Isaiah 55:8-9
For my thoughts are not your thoughts,
neither are your ways my ways, declares the Lord.
9 For as the heavens are higher than the earth,
so are my ways higher than your ways
and my thoughts than your thoughts.
For application to preaching a few thoughts come to mind:
- Prayer – Before I can preach on a text of Scripture, I must understand the meaning of the text and the implications of that meaning for us. And too often I might have a different understanding of the text because my thoughts and my ways are not the Lord’s thoughts and ways. I hope it is obvious that this prayer is not to say I don’t need to do any of the difficult work of exegetical study (an example of an exegetical study); it’s not because I pray God will download the meaning of the text right into my brain. Instead, the prayer ultimately puts me in the right state of relationship towards God which should put me in the right mindset to appropriately approach the text. It’s God’ Word I’m reading and it is God’s Word that I am going to preach – I can’t just be flippant about the process and I must make sure my reason and experiences are subject to God’s thoughts and ways.
- Quit apologizing for God or avoiding what God says all together.[1] – We live in a very politically correct culture, where we don’t want to offend anyone or hurt anyone and we kind of just want to agree to disagree and we usually do that by simply not saying anything that we perceive would bring about disagreement. It’s becoming more and more common to not mention sin and hell in our sermons – how much of that is us trying to appease people or tone down God’s words? How much of it is us putting our ways and thoughts above God’s. I need to not be afraid in my preaching to say God’s ways and God’s thoughts are what is right and what is wrong.

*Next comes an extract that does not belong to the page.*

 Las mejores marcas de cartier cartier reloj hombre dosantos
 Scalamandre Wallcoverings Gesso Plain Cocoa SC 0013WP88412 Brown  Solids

- Preach the stupid things of Scripture… and by that I mean preach the things that are revealed in Scripture that are antithetical to the thoughts and ways of the world that are antithetical to what I would reason to be true, right, and good. For example, Scripture teaches things like: “Living is dying and dying is living (Mark 8:35, John 12:24, 1 Corinthians 15:36,” “Save your life and you will lose it; lost your life and you will save it (Matthew 10:39),” “The best self-love is to not be self-centered (Matthew 6:33, Mark 12:29-31),” “The way up is down; exaltation requires humility (Ezekiel 21:26, Luke 14:8-9, 1 Peter 5:6),” “The way down is up; self-promotion leads to humiliation (Ezekiel 21:26, Matthew 23:12), “Please God and you will have pleasures forever more (Psalms 16:11, Matthew 6:33),” and “Please yourself and you will never be satisfied (Proverbs 27:20 and 30:15, Ecclesiastes 5:10).”[2] These statements of Scripture seem completely wrong to our thoughts and our ways, but because they are from God they are right… so in preaching such teachings from God, I really need to remember that even though it might sound stupid, it’s not, it’s the wisest thing there is in this world – the problem is that I’m just stupid. So proclaim these revelations from God with boldness even if people might look at me and think I’m dumb.
[1] Much of this paragraph I drew from a Christian Post article that recounted Francis Chan’s application of these two Isaiah verses: https://www.christianpost.com/news/francis-chan-church-must-stop-apologizing-for-what-god-says-is-right-and-wrong-in-politically-correct-culture.html
[2] This is an abbreviated list of paradoxical tensions from Scripture that I pulled from Cris Putnam’s book, The Supernatural Worldview.